Jurassic Park on one level is little more than a remake of Jaws, a kind of “Island of the Land Sharks.” But since the monsters are extinct, which is to say, dead and resurrected, then the drama becomes a battle with ghosts, with the idea of the past itself, all as a way to vindicate the triumph of the present.
JP's scale is also a perfect metaphor for the metastasis of the director’s ambition. Designed by turns to produce massive moments of shock and wonder, its whole art consists in invoking the sublime only to reduce it to the kitsch. This is one definition of populist art. It reminds me of Oppen’s disappointment with Carl Sandburg, whose initial impact in conveying the shock of the stockyards decayed into sentimentalism.

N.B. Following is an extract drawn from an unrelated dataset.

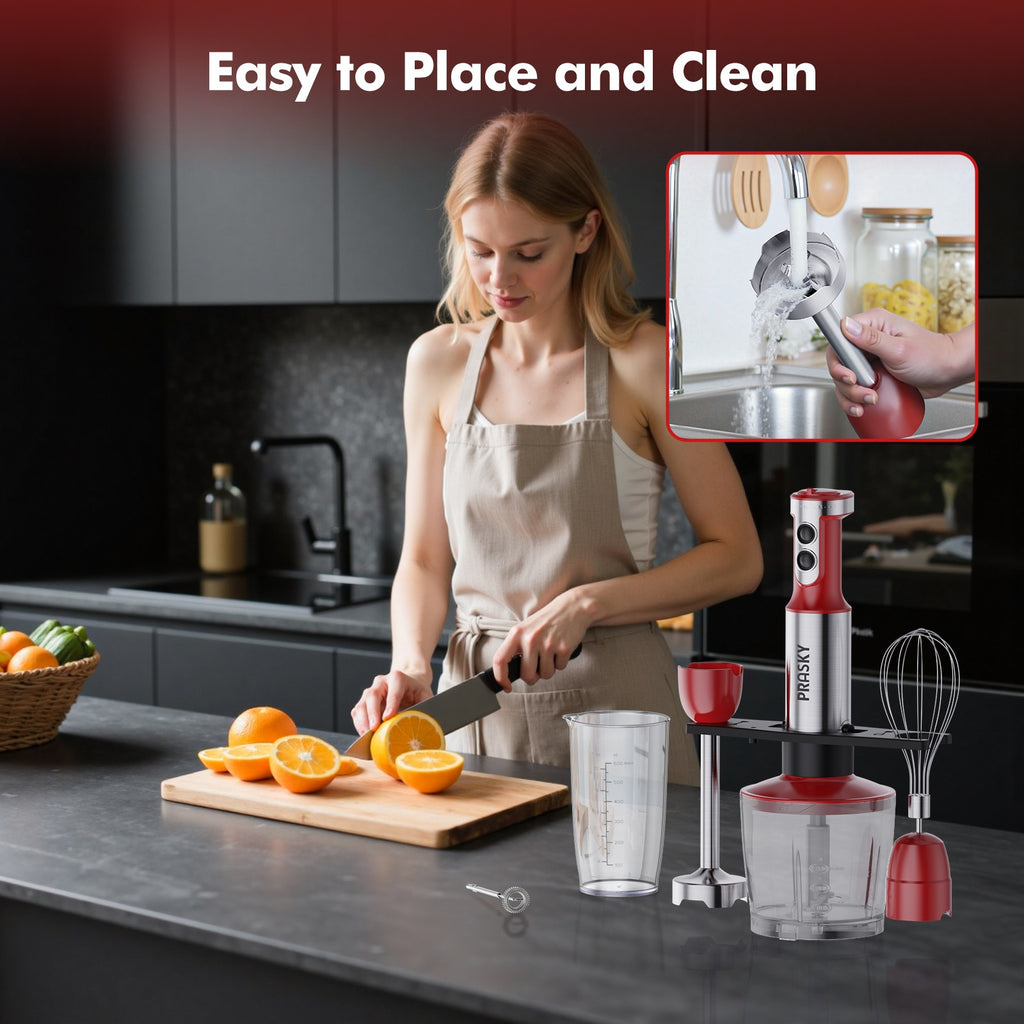 5-in-1 Handheld Mixer, With Attachments - Whisk, Measuring Cups, Heavy Duty Motor, Meat Chopper, Kitchen Must Haves, Immersion Blender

Still, there are quick pleasures to be had in JP. If the film's first half is a laborious, elephantine exercise in staging the reptilian sublime as a parable of hubris (in high hubristic fashion), with the thrills all coming from the human invading the wild, then the leaner second half gives us the tighter and spookier thrills of the wild invading the domestic. Velicoraptors in the kitchen!
But seeing it again set me to thinking of one of my favorite Spielberg films; the overlooked Catch Me If You Can. Besides being expertly constructed, with very little pleading for the audience’s affections (despite its broken family theme), the real subject of the movie is the artist as counterfeiter: the producer of his own alternative system of value. It’s hard not to read it as Spielberg’s spiritual autobiography, an allegory for the filmmaker’s art which, as Orson Welles knew better than anyone, consists alternately of deception and surprise.
Which leads me to speculate that Spielberg’s oscillation between two contrary impulses in American filmmaking – Wellsian theatricality and Fordian populism – may help to explain why nothing he has ever made, including the sincere failure of Schindler’s List, has ever really satisfied. He’s too calculating an entertainer (meaning he doesn’t trust his audience) to give pathos without sentimentality, yet too much of an ironist to trust his own extraordinary technical gifts. That’s why a slight film that is nearly all technique, Raiders of the Lost Ark, may actually be his finest. All the affect is in the style.
* Still, as Jay Cocks once sagely remarked to me, there are films that are great experiences, and then there are great films.